Task to complete: Note on the material below: return exactly the lines from the line that holds "Ciccio Rooms and" through the line that holds "[葡萄牙女人][HD-MP4", and leave out each picture.

-- Records for the exercise follows --

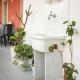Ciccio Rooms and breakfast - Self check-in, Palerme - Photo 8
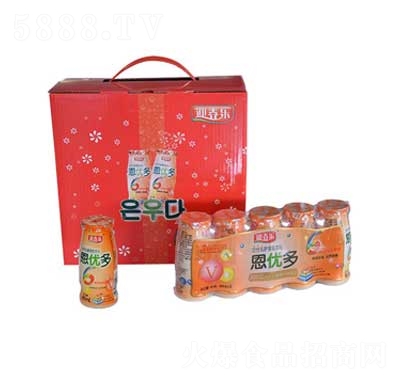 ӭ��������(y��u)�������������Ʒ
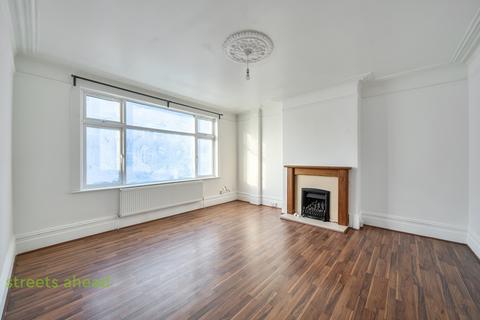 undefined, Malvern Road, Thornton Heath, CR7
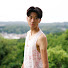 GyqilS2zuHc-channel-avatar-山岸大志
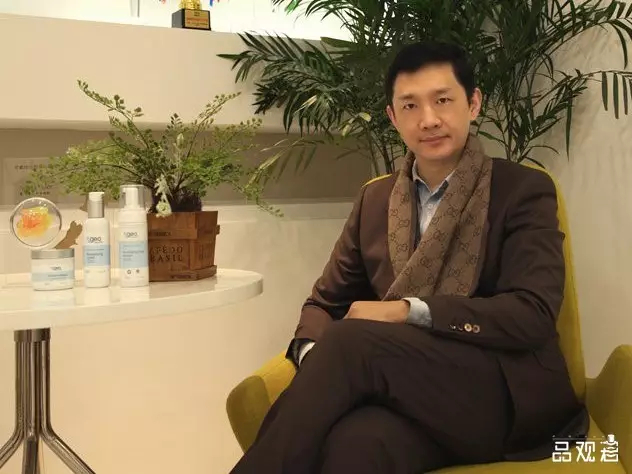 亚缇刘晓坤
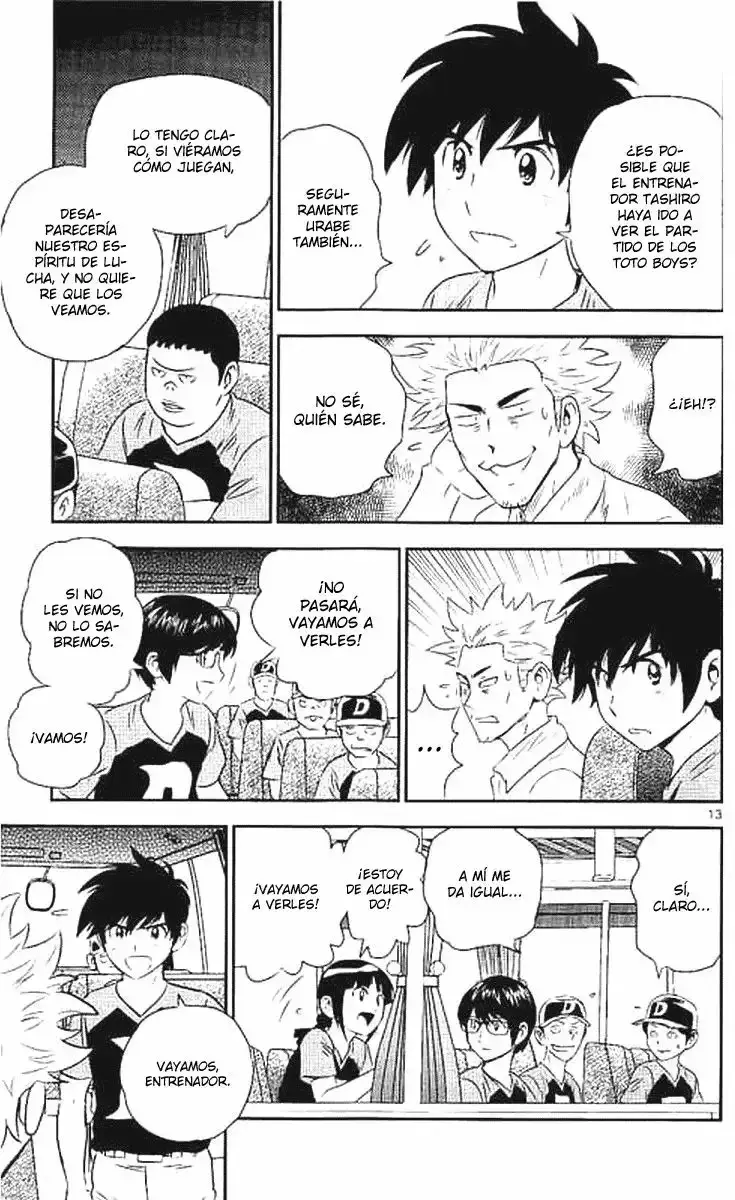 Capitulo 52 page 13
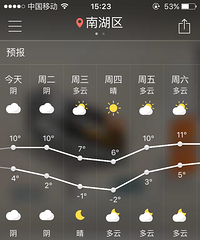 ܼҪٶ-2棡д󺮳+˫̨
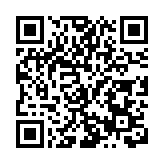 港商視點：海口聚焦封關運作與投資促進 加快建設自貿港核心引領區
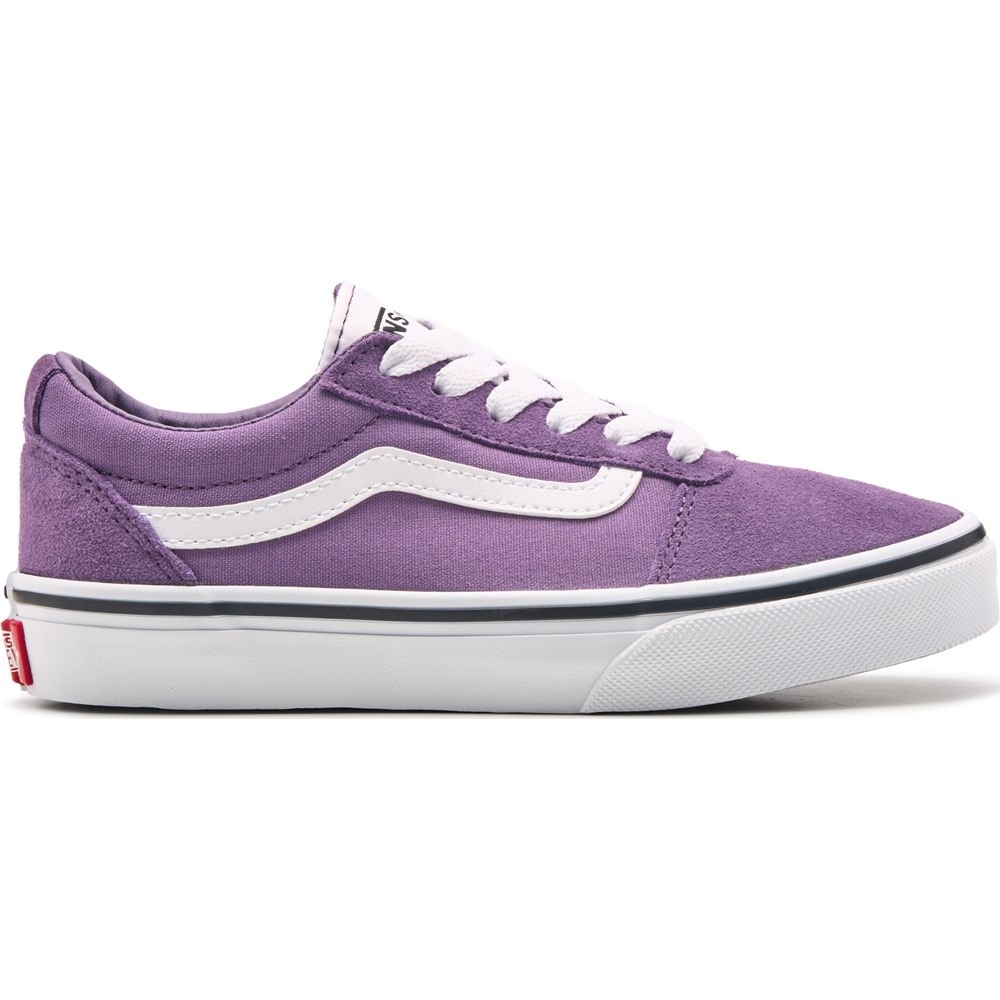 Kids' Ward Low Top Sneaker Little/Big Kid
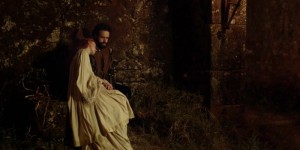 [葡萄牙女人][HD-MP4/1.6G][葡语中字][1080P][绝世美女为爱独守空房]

-- Records for the exercise concluded --
-- Records for the exercise follows --

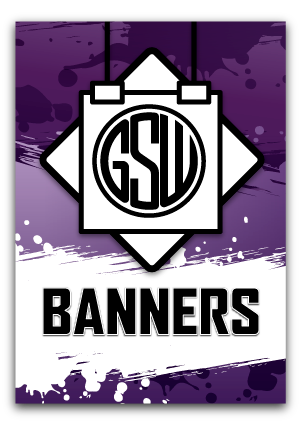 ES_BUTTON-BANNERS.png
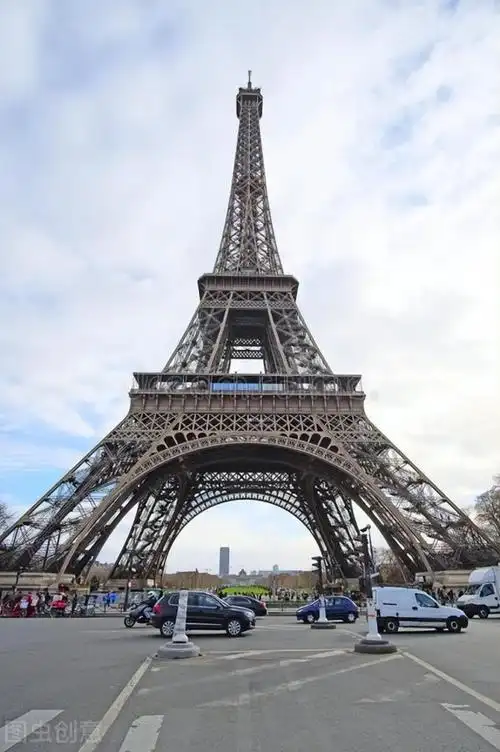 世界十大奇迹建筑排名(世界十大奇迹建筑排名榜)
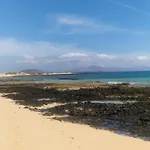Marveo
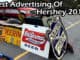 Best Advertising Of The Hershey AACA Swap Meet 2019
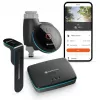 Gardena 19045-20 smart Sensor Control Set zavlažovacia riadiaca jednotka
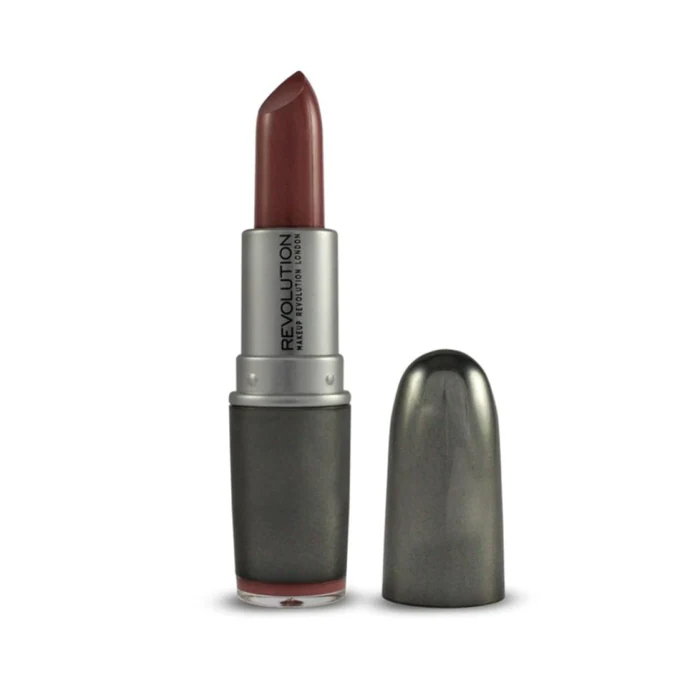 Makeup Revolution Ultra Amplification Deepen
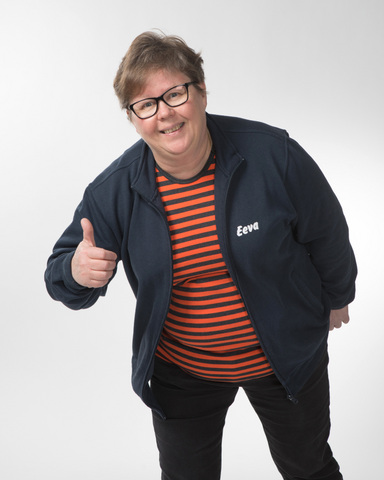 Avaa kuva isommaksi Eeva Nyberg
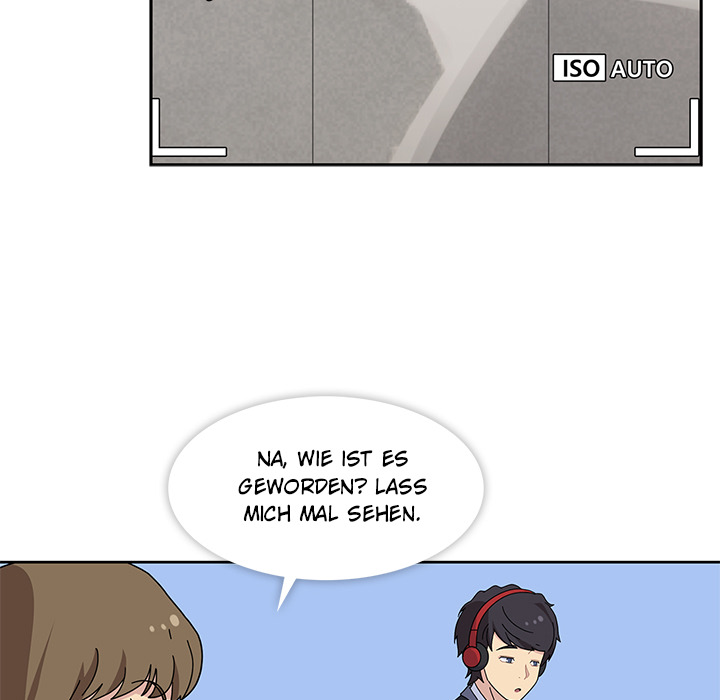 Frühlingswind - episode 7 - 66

-- Records for the exercise concluded --
-- Records for the exercise follows --

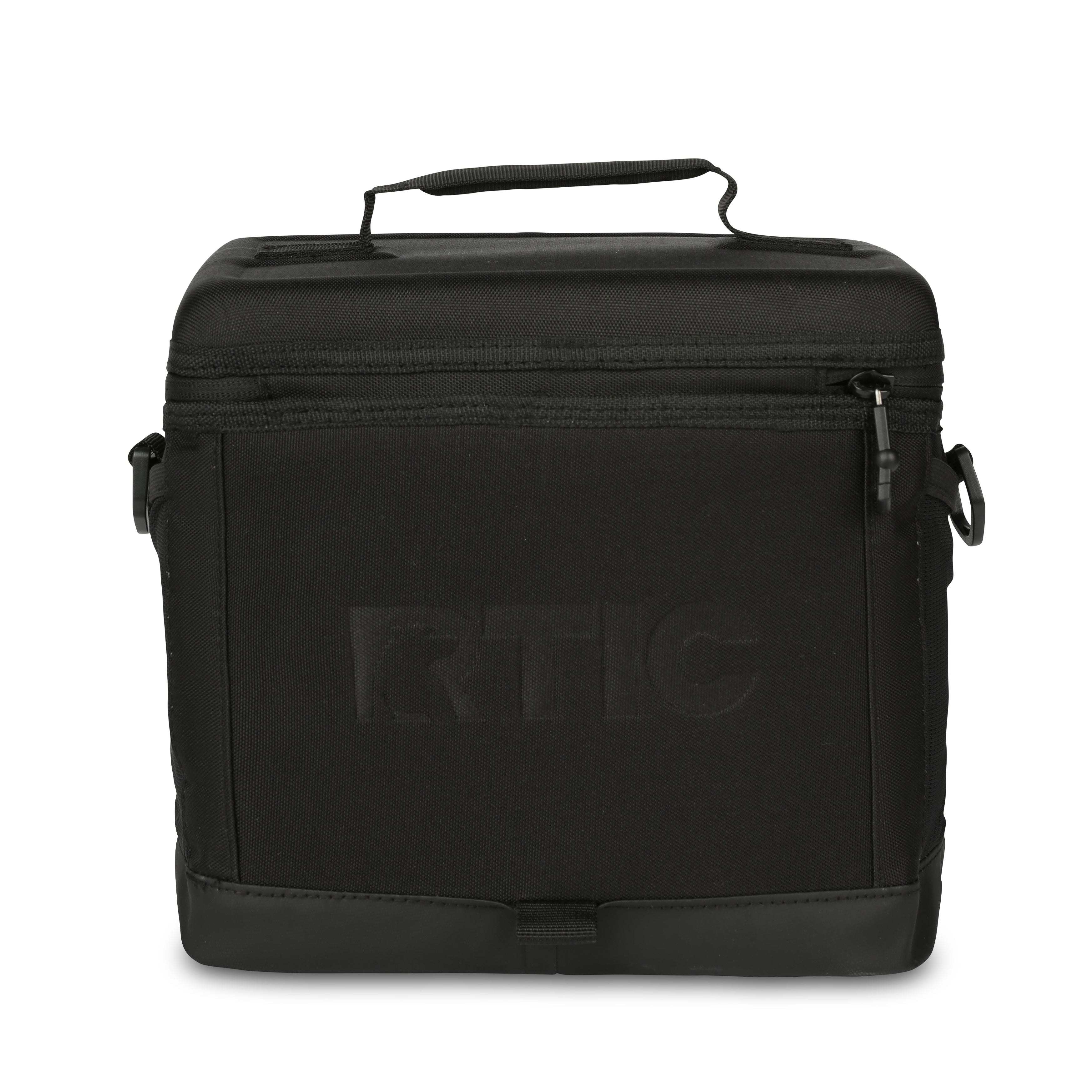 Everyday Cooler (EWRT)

-- Records for the exercise concluded --

Answer:
Ciccio Rooms and breakfast - Self check-in, Palerme - Photo 8
 ӭ��������(y��u)�������������Ʒ
 undefined, Malvern Road, Thornton Heath, CR7
 GyqilS2zuHc-channel-avatar-山岸大志
 亚缇刘晓坤
 Capitulo 52 page 13
 ܼҪٶ-2棡д󺮳+˫̨
 港商視點：海口聚焦封關運作與投資促進 加快建設自貿港核心引領區
 Kids' Ward Low Top Sneaker Little/Big Kid
 [葡萄牙女人][HD-MP4/1.6G][葡语中字][1080P][绝世美女为爱独守空房]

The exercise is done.